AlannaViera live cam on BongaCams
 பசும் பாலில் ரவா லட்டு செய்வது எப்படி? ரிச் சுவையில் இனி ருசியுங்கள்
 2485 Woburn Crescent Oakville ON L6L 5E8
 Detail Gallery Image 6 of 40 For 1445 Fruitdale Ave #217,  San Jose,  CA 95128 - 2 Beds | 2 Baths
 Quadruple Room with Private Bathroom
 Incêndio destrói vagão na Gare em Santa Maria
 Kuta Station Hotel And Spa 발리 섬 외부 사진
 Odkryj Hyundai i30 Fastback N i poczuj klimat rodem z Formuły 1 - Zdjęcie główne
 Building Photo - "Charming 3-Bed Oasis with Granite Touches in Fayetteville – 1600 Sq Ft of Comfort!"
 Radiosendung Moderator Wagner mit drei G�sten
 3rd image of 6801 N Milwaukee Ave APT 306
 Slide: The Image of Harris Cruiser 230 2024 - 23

DIRECTIONS: Nothing is to be left out; every record above must be repeated exactly.

TASK ANSWER:
AlannaViera live cam on BongaCams
 பசும் பாலில் ரவா லட்டு செய்வது எப்படி? ரிச் சுவையில் இனி ருசியுங்கள்
 2485 Woburn Crescent Oakville ON L6L 5E8
 Detail Gallery Image 6 of 40 For 1445 Fruitdale Ave #217,  San Jose,  CA 95128 - 2 Beds | 2 Baths
 Quadruple Room with Private Bathroom
 Incêndio destrói vagão na Gare em Santa Maria
 Kuta Station Hotel And Spa 발리 섬 외부 사진
 Odkryj Hyundai i30 Fastback N i poczuj klimat rodem z Formuły 1 - Zdjęcie główne
 Building Photo - "Charming 3-Bed Oasis with Granite Touches in Fayetteville – 1600 Sq Ft of Comfort!"
 Radiosendung Moderator Wagner mit drei G�sten
 3rd image of 6801 N Milwaukee Ave APT 306
 Slide: The Image of Harris Cruiser 230 2024 - 23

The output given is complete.